# Matrix Scalability
###### tags: `Lale` `Matrix` `Synapse`
Most of the performance of **Lale** chat will depend on Matrix servers.
Currently, we are using *a single monolithic python process* for the Synapse (matrix server). Synapse's architecture is quite [RAM hungry](https://github.com/matrix-org/synapse#help-synapse-is-slow-and-eats-all-my-ram-cpu) currently. They cache a lot of recent room data and metadata in RAM in order to speed up common requests.

Python’s Global Interpreter Lock ([GIL](https://wiki.python.org/moin/GlobalInterpreterLock)) means that Python can mainly only use one CPU core at a time, so starting more threads doesn’t help with scalability, we have to run multiple processes.
This architecture will **eventually collapse**, as more users and activity occur within Synapse.
Best practice and also the common solution is to break down the system into **microservices**. The current Matrix has this ability and is still in fast development.
## Auth Service
Synapse calls Auth service as `Password auth providers`. Password auth providers offer a way for server administrators to integrate their Synapse installation with an existing authentication system. If I understand correctly, `Lalepass` is the `Password auth providers` in our architecture. We may try to separate this `Synapse` and `Password auth providers` into mircoservice (different machine).
Synapse has this(separate Auth into a different machine) ability through [a configuration file](https://matrix-org.github.io/synapse/develop/usage/configuration/homeserver_sample_config.html) in `homeserver.yaml` under `password_providers`.
## Database Cluster
A database cluster is almost implemented in all enterprise architecture which has many transactions. The idea is to create `Master-Slave` database cluster. The `Master` handles all the writing transaction (technically POST and GET API handled by Master database) and `Slave` database handle the reading transaction (GET API, in Synapse mostly `/sync` API).
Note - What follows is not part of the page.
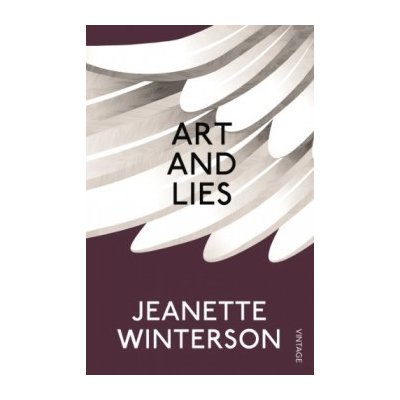 Art & Lies: A Piece for Three Voices and a Ba... Jeanette Winterson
The `Master` and `Slave` database deploy into different machines. We achieve the Master-Slave connection through Postgres Replication.
Related articles:
* [Synapse uses database from different machine (but not master-slave database)](https://www.mytinydc.com/en/blog/matrix-synapse-shift-database-to-another-server/)
* [Postgress Replication](https://www.enterprisedb.com/postgres-tutorials/postgresql-replication-and-automatic-failover-tutorial)
* [Synapse Replication Architecture](https://matrix-org.github.io/synapse/develop/replication.html)
## Workers
If we want to use database replication then we must use workers. We create other synapse processes (ideally on the different machines). I found [this documentation](https://matrix-org.github.io/synapse/develop/workers.html) gives lots of information regarding Synapse workers.
## Storage Service
If Lale is targeting used by Million of users then Applying `Storage service` into different machines is a must. The configuration is under `media_storage_providers` variable [ref](https://matrix-org.github.io/synapse/develop/usage/configuration/homeserver_sample_config.html).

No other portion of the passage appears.